When NFS server shuts down, make sure that the NFS service is down and no clients are connected! Showmount-a can be viewed, if any, with kill Killall Pkill to end, (-9 forced end)
?

Linux System configuration NFS shared storage

Related Article

Contact Us

The content source of this page is from Internet, which doesn't represent Alibaba Cloud's opinion; products and services mentioned on that page don't have any relationship with Alibaba Cloud. If the content of the page makes you feel confusing, please write us an email, we will handle the problem within 5 days after receiving your email.

If you find any instances of plagiarism from the community, please send an email to: info-contact@alibabacloud.com and provide relevant evidence.
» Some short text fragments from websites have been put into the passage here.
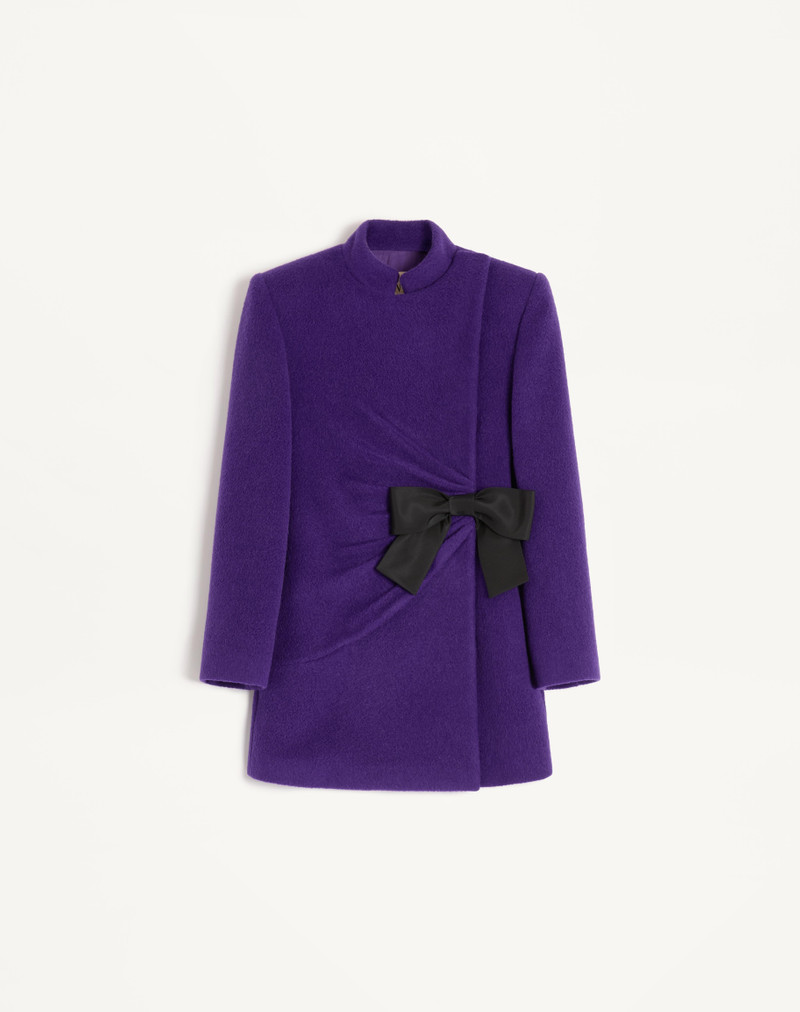 VELOUR PEACOAT 1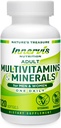 Multivitamines et minéraux pour les hommes et les femmes – Soutien immunitaire, énergie et antioxydant, 120 Softgels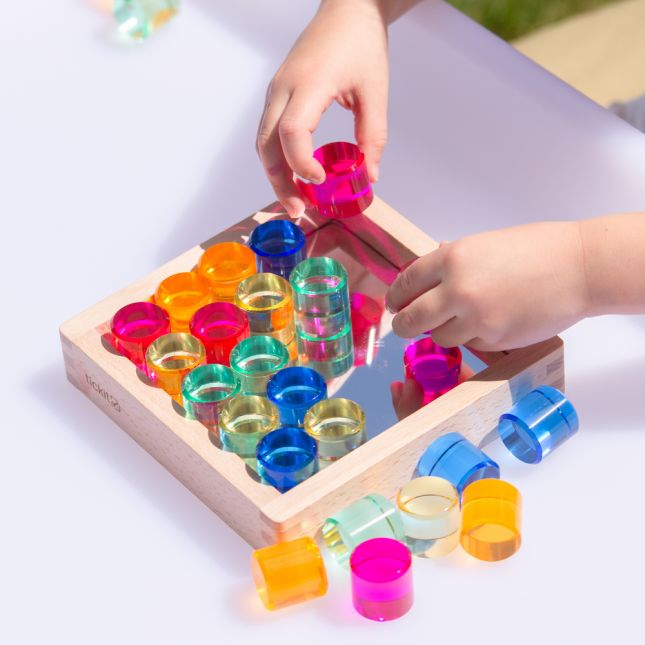 Gem Circles with Mirror Tray - 25 pieces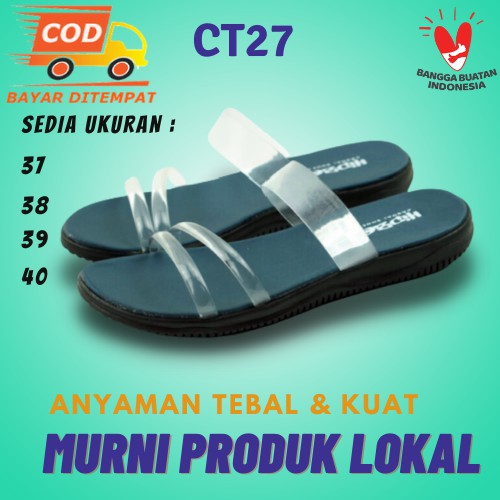 HIPZO CT27 Sandal Wanita Terbaru Sandal Teplek Fashion Sandal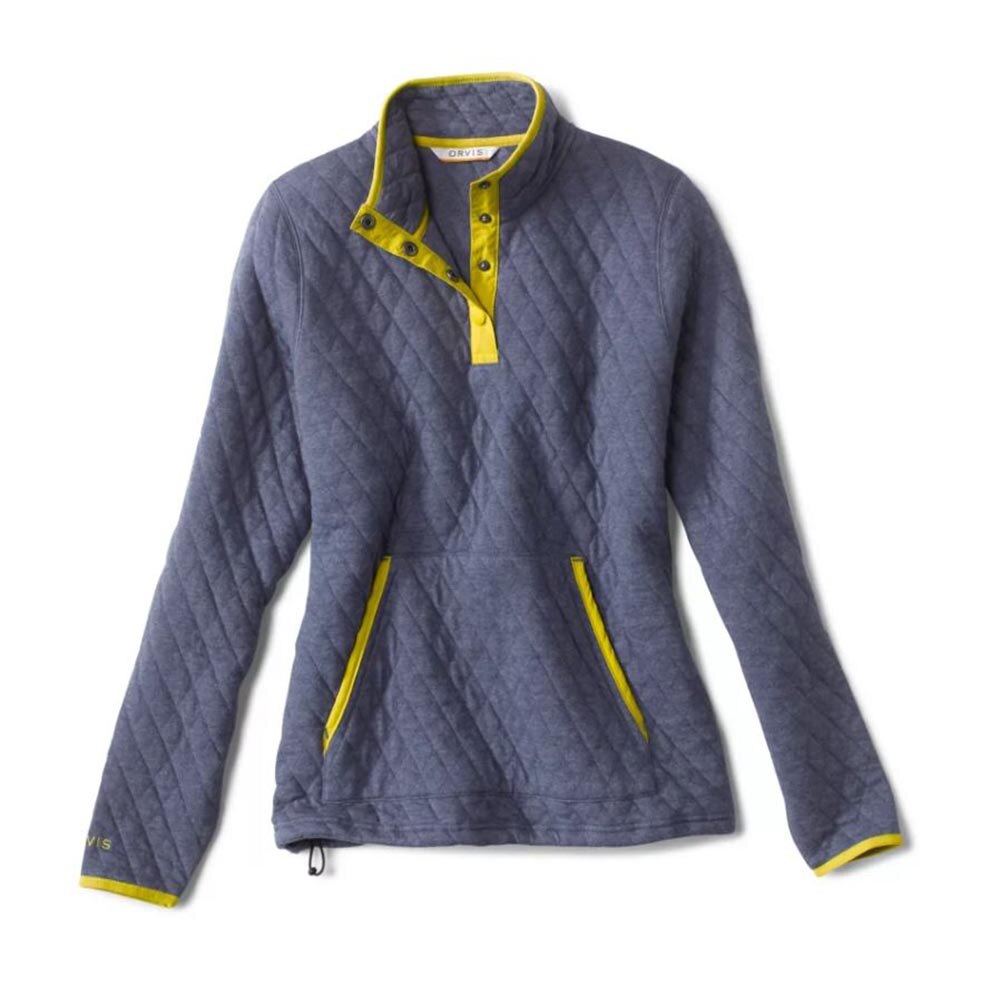 Orvis Outdoor Quilted Snap Sweatshirt Women s Dusk Xs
A staff member will contact you within 5 working days.

A Free Trial That Lets You Build Big!

Start building with 50+ products and up to 12 months usage for Elastic Compute Service

  • Sales Support

    1 on 1 presale consultation

  • After-Sales Support

    24/7 Technical Support 6 Free Tickets per Quarter Faster Response

  • Alibaba Cloud offers highly flexible support services tailored to meet your exact needs.